Exercise goal: Start at the line in the entries below that contains "Welcome to the", stop at the line that contains "So, I've just", and output exactly the lines in that span, both ends included.

Data to use:

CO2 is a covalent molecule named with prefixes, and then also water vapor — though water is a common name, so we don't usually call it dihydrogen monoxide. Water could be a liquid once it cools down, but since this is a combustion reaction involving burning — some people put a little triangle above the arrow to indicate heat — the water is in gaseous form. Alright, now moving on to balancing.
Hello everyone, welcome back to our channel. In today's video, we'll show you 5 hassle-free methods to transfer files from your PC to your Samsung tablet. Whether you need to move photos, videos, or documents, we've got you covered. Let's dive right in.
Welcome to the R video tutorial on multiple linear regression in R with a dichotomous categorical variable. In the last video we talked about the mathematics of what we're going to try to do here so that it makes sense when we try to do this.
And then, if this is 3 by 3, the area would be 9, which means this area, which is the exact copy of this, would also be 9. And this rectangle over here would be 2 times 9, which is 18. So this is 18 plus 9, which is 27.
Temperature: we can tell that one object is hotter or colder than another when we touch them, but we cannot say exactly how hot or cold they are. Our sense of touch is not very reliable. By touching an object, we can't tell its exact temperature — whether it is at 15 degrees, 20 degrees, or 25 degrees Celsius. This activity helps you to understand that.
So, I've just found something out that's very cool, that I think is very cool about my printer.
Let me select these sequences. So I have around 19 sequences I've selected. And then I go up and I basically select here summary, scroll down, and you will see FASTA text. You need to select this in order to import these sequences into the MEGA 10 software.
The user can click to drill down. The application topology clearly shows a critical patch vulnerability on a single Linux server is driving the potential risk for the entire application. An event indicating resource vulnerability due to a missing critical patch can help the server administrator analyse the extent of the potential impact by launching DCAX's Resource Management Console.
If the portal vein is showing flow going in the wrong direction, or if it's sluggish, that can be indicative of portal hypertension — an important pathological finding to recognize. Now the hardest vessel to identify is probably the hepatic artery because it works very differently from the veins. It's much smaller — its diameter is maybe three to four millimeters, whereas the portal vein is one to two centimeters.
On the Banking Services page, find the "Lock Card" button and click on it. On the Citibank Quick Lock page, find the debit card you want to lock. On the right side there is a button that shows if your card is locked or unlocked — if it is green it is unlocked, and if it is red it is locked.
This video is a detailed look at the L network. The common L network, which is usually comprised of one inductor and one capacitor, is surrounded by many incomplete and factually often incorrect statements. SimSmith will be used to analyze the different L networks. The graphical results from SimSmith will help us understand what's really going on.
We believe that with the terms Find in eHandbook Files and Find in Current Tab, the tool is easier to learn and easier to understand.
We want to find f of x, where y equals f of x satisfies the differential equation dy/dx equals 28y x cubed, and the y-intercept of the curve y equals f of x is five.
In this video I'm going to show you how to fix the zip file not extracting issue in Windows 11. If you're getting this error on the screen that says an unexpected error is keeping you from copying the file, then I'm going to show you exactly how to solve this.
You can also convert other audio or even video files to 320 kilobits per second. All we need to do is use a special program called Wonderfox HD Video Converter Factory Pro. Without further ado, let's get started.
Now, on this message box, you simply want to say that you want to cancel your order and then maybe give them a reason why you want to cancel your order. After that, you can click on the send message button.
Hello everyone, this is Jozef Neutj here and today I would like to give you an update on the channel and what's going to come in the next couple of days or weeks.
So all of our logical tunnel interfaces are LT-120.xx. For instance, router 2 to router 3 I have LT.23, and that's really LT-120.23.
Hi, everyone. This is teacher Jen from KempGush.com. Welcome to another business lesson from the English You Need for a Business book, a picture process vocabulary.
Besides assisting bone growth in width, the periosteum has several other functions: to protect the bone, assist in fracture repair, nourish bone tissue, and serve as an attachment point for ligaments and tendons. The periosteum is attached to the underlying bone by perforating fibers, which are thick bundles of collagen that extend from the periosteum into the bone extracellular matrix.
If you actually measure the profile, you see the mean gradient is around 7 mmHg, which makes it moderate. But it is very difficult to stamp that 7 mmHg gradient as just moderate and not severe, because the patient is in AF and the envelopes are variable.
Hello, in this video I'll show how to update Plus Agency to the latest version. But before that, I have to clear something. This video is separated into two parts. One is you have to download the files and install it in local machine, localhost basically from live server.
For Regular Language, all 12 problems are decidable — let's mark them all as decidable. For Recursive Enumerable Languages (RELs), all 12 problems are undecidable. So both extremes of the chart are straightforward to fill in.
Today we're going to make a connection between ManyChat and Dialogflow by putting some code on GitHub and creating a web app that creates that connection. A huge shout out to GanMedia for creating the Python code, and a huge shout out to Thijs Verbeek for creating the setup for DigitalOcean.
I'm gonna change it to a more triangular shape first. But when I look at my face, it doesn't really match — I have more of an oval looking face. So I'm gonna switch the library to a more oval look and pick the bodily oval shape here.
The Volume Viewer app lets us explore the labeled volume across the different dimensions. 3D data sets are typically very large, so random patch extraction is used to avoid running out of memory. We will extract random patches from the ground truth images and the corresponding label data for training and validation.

Task response:
Welcome to the R video tutorial on multiple linear regression in R with a dichotomous categorical variable. In the last video we talked about the mathematics of what we're going to try to do here so that it makes sense when we try to do this.
And then, if this is 3 by 3, the area would be 9, which means this area, which is the exact copy of this, would also be 9. And this rectangle over here would be 2 times 9, which is 18. So this is 18 plus 9, which is 27.
Temperature: we can tell that one object is hotter or colder than another when we touch them, but we cannot say exactly how hot or cold they are. Our sense of touch is not very reliable. By touching an object, we can't tell its exact temperature — whether it is at 15 degrees, 20 degrees, or 25 degrees Celsius. This activity helps you to understand that.
So, I've just found something out that's very cool, that I think is very cool about my printer.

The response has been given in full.